Datang merayap seperti potongan malam yang gelap …
Membungkus diri dalam rapatnya selimut, berharap tetap memiliki
hati yang putih saat kembali terjaga dipagi hari.
Menulis takdir sendiri,
Tak perduli walau masa depan telah memiliki kerangka sejak kaki-kaki
mungil belum lagi mampu menapakkan kakinya dibumi.
Meraut pinsil, menjaga penghapus agar tidak aus walau telah sering
digunakan.
Insan kerdil dibumi yang agung,
Fitan datang ketika malam menjelang, diantara buai mimpi dan lelap
tidur malam.
Hitam diletakkan,
Dan ketika bangun, tanpa disadari yang putih telah berubah abu-abu.
“Jangan …!” aku
berteriak lantang, dan segera mendekap erat dada dengan kedua tangan, “ini hati milikku. Kumohon … tak diizinkankah aku
menjadi seperti apa yang kumau? Meminta Engkau untuk jadi dasarnya hitam, jika
memang itu takdirku. Agar yang hitam tetap terselubung rapi dalam lindungan
putih-Mu, karena yang fitan adalah juga sudah ada atas kehendak-Mu. Lalu daya
apa yang dimiliki hamba ini, mohon jawab aku. Akan ada itu masa, iya aku pun percaya
itu. Hanya boneka, insan kerdil dihadapan Pencipta jagad raya. Di atas bumi
yang sama, banyaknya boneka kayu dalam kendali Satu Tangan yang sama. Ini hati
tengah dititipkan padaku, jadi izinkan aku untuk menjaganya seperti asalnya, ketika
diberikan.”
Dipelataran Baitul Makmur, 13 Maret 2013, ba'da subuh.
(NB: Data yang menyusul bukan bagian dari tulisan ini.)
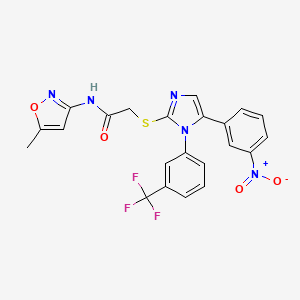 N-(5-methylisoxazol-3-yl)-2-((5-(3-nitrophenyl)-1-(3-(trifluoromethyl)phenyl)-1H-imidazol-2-yl)thio)acetamide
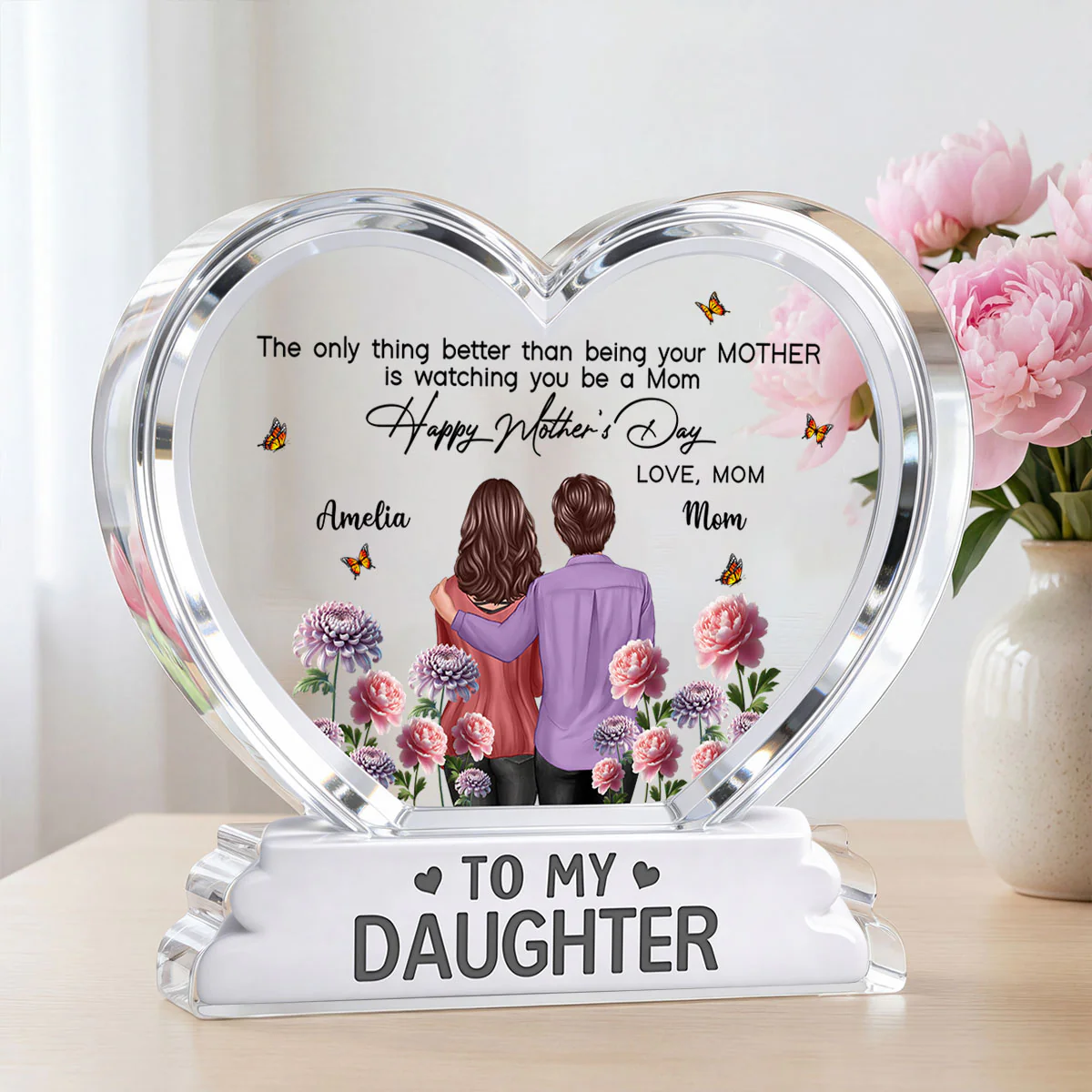 To My Daughter From Mom Happy Mother's Day Birth Flower 2D Flat - Personalized Acrylic Block Plaque - Image 2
Rintik hujan kembali turun,
tapi kali ini tak mengulang gerai yang pernah ia buat sebelumnya. Tiga hari
lagi berada didalam rumah yang mengenalkan aku pertama kali pada Tuhan, baxy.
Di antara orang-orang yang menjadi perantara aku mengerti apa itu agama.
Serpihan terakhir dari teka-teki hidup pun kini telah aku miliki. Lalu nikmat
Alloh yang mana lagi, yang masih saja membuatku berani mendustakan keberadaan-Nya?
Mengingkari Kebesaran-Nya dan selalu saja berhasil menjauhkan rasa Syukur dari
hatiku.
Sehelai bulu yang jatuh ditelapak tangan saat aku berdo'a, didalam Baitul
Makmur yang masih berupa bangunan setengah jadi. Bunga sepatu pemberian seorang
bapak dengan baju lusuh berhias robekan tak beraturan, seperti sengaja menyebut
nama Alloh, saat menyerahkan kuntum bunga ditangannya padaku. Ah, andai aku
memiliki keberanian untuk mengembalikan pertanyaan itu kepada-Nya, baxy. Maka
yang akan ku tanyakan hanyalah, "Maka dengan nikmat-Mu yang mana, Alloh
… yang terus saja aku coba dustakan?"
Aku hanya seorang aku, baxy. Yang dengan semua kebodohanku terus
saja memaksakan diri untuk bisa memahami setiap firman-Nya. Aku hanyalah
seorang aku, dengan banyaknya kekurangan diri, namun tetap saja menuntut
Pencipta-ku untuk juga menyambut dan membalas cinta yang kupunya.